◆ **Task requirements**
Lines before the one containing "Martha Brae Bamboo" are left out; that line and every line after it, through the end of the records, are to be reproduced exactly.

◆ **Dataset extract**
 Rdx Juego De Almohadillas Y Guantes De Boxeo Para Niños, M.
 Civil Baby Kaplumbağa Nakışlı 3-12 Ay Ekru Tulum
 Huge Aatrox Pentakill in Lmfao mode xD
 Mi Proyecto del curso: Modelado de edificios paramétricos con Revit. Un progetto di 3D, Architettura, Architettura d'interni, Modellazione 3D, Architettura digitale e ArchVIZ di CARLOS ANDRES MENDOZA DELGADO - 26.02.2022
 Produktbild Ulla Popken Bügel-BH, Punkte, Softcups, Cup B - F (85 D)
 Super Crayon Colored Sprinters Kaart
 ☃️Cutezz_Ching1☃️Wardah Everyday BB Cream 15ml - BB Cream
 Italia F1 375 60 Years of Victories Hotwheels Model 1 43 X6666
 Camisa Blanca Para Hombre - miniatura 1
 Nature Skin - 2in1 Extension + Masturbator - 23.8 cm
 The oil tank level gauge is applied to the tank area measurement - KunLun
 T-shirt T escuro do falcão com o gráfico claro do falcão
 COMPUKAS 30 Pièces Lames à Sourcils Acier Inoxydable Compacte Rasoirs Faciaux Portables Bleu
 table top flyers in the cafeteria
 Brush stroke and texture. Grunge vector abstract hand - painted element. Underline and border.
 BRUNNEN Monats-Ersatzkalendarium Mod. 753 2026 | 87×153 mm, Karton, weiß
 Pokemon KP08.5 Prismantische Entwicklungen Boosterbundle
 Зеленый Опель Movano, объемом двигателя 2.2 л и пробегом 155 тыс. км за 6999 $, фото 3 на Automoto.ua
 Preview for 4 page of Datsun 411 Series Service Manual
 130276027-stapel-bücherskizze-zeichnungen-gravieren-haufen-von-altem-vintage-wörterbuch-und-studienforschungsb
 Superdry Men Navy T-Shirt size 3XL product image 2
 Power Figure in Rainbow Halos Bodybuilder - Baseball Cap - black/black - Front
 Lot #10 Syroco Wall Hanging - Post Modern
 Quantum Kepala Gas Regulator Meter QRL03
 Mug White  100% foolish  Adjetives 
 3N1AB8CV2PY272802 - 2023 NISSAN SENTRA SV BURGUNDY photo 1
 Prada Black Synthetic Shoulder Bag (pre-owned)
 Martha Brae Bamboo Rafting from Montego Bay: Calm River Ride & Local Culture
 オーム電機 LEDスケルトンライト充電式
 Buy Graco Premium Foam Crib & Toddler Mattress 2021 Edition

◆ **Final answer**
 Martha Brae Bamboo Rafting from Montego Bay: Calm River Ride & Local Culture
 オーム電機 LEDスケルトンライト充電式
 Buy Graco Premium Foam Crib & Toddler Mattress 2021 Edition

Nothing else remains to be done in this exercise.